Is that what the generals think?”

“I don’t know. But all the generals are old now—they won’t last long with their old ideas. Then the new men will take over. I don’t think I’d want to fight a war in a motor car.”

“You think it should be some operatic exhibition, all your horses charging and you waving your sword?”

“Yes.” But he smiled; then was sober. “But I don’t think the next war will be like that. Not with the guns I hear Krupps are making . . .” He looked back towards the camp for Monday, as if expecting the Hungarian to produce a sample. “I think I may emigrate to America. You will be neutral in all future wars.”

“Why should we be?” In her own ears she sounded like William Randolph Hearst, eager to provide yet another war for newspaper copy.

“Why shouldn’t you be? You have all that water, the Atlantic and the Pacific, on either side of you.” But he knew that West Point and Annapolis would be disappointed if he were right.

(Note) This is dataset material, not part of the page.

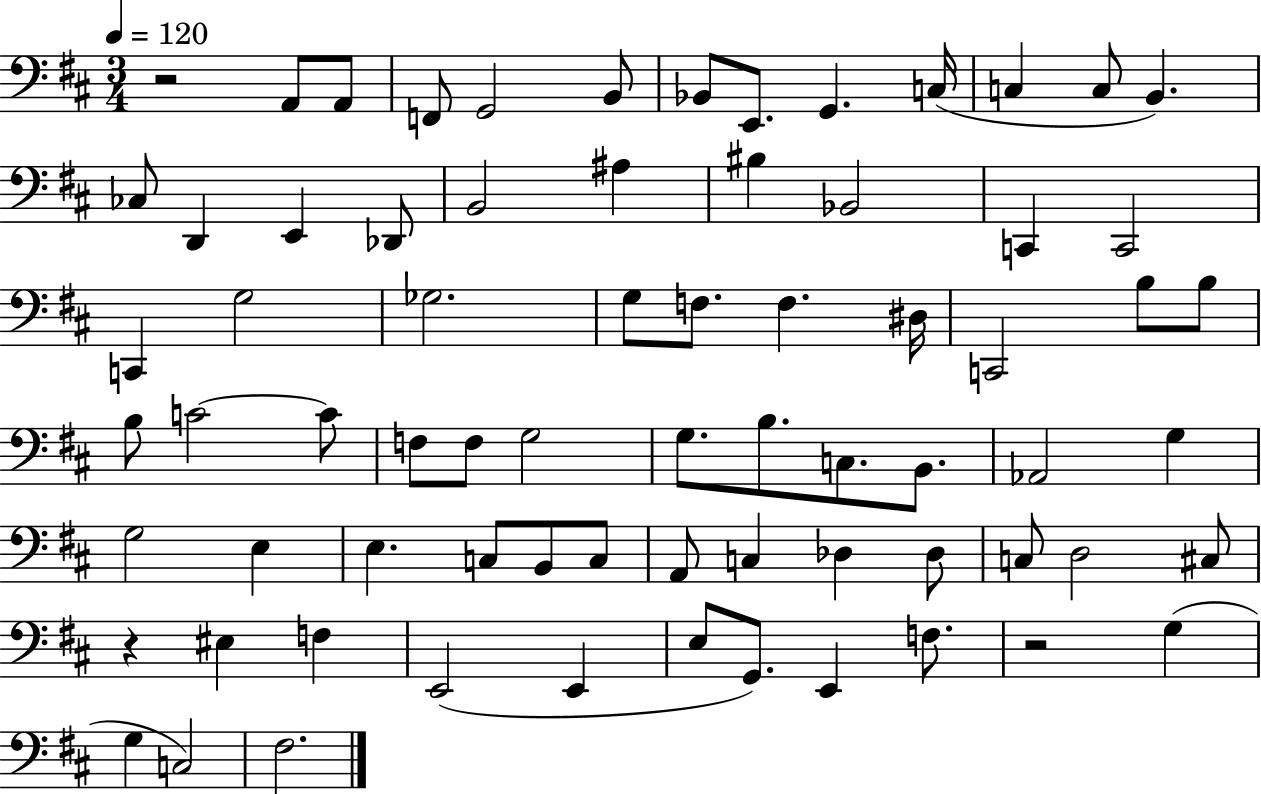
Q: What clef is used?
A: bass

She changed the subject. Or changed to a detail of the same subject: she wasn’t sure which. Till she had crossed the Atlantic she had not known there was so much talk of war in the chancelleries of Europe. When she had left Boston at the end of October the newspapers had been full of the Philadelphia Athletics’ World Series win against the New York Giants; the comments of Connie Mack and John J. McGraw had had far more importance than the warnings of statesmen in foreign capitals. She began to wonder who would listen to Mr. Mack and Mr. McGraw if America went to war.

“I wish you’d tell me more of what’s going on here.”

“If I did, you’d write an article for your newspaper. And it might all be based on rumour. I promise you—I’ll tell you everything when we get down to Delhi. Or as much as I can.”

“We were partners when we started out from Simla. That’s what you led me to believe.”

“It’s become much more complicated since then. Be patient, Bridie, it’ll only be another day or two.” He put out a hand and after a moment she gave him hers.